February 13, 2004
Center for International Policy
In November 2002, Bolivian President Gonzalo Sánchez de Lozada, a pro-business, pro-U.S. figure known by his nickname “Goni,” paid a visit to the White House. The two presidents discussed Bolivia’s U.S.-supported program of military and police-led eradication of coca, the plant used to make cocaine.
Goni was worried about the eradication program’s economic impact. Without a $150 million boost in emergency aid to cushion the blow to thousands of coca-growing families, Goni told Bush, “I may be back here in a year, this time seeking political asylum.”
President Bush was reportedly amused. According to The New York Times, Bush “told his visitor that all heads of state had tough problems and wished him good luck.” 

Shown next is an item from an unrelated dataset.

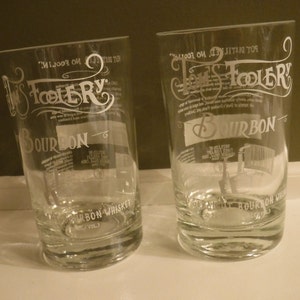 Tom's Foolery Bourbon Whiskey cut bottle drinking glasses, set of two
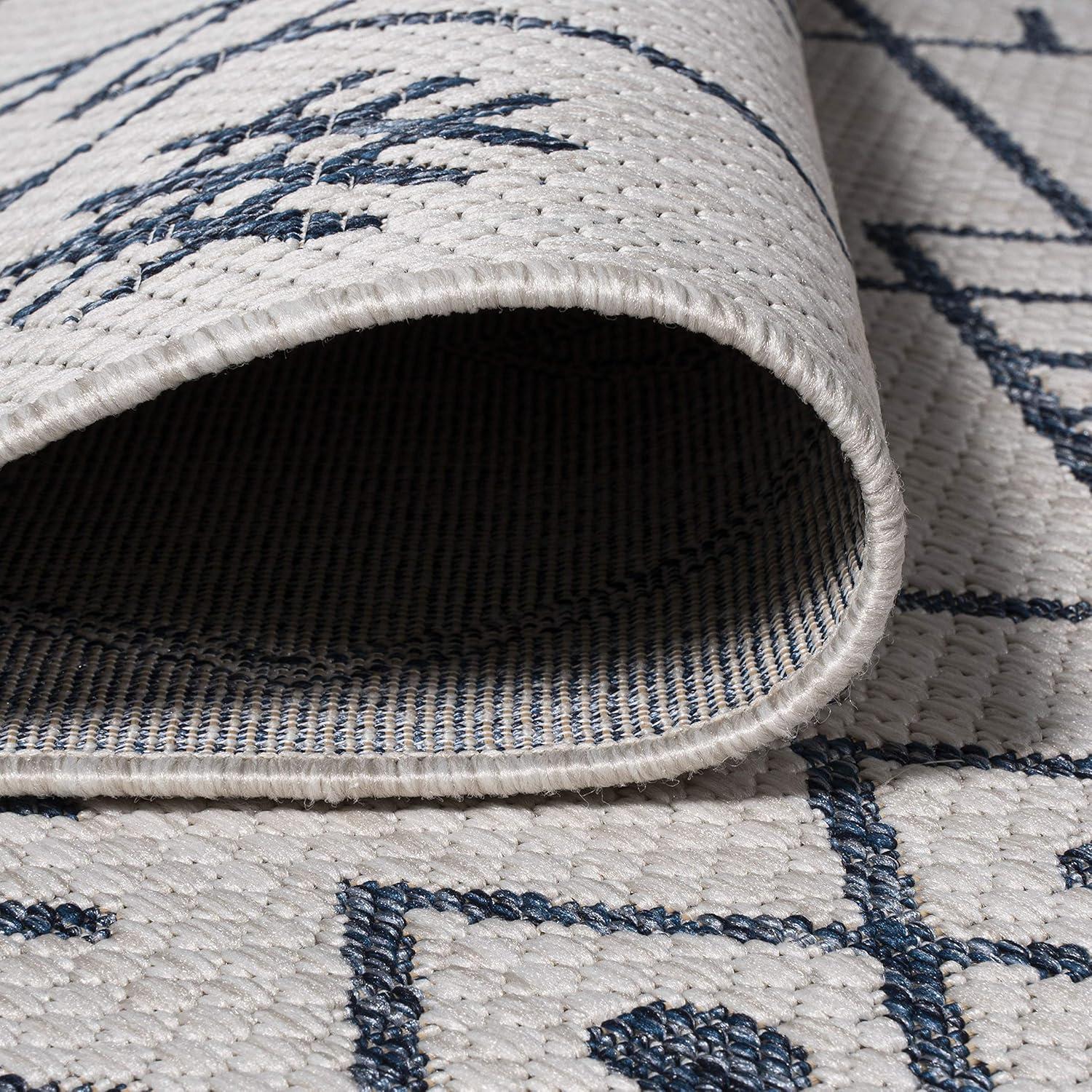 8'x10' Boho Moroccan Indoor/Outdoor Area Rug, Ivory/Navy - JONATHAN Y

Goni’s prophecy turned out to be right on target. In October 2003, eleven months after being sent back to La Paz empty-handed, a month of escalating protests forced him to take a one-way journey to Miami. The demonstrations, blockades and other unrest, which met with a violent reaction from Goni’s security forces, were sparked by plans to build a natural-gas pipeline from landlocked Bolivia to the Chilean port of Mejillones (which belonged to Bolivia until a 19th-century war).
The protests soon became an outlet for expressing a variety of pent-up grievances against the government. These, the Andean Information Network’s Katherine Ledebur notes, included “demands for better wages, reform of anti-drug legislation, rejection of a law imposing prison terms for people participating in road blockades, and repudiation of the proposed Free Trade Agreement of the Americas (FTAA).”  Anti-pipeline and anti-globalization sentiment were only part of a larger set of demands; Bolivia is the poorest country in South America and one of the poorest in the Western Hemisphere.
Indifference to the unpopular president’s predicament cost the U.S. government one of its strongest allies in the Andean region. However, Goni’s vice president and immediate successor, Carlos Mesa Gisbert, has assured Bush administration officials that Bolivia will continue the U.S.-mandated coca eradication program.
Mesa’s days could be numbered, though; renewed protests may be imminent. As the former journalist and political unknown came into office, leaders of the September-October protests announced that they would grant him 90 days to heed their demands. That period has now expired. “More than 100 days have passed and there are no signs of change,” radical labor leader Roberto de la Cruz recently argued. “After 100 days we can say he is the face of neo-colonization, he has shown continuity”with the Sánchez government. 
The same forces that brought down his predecessor will soon engulf Mesa unless La Paz and Washington change course.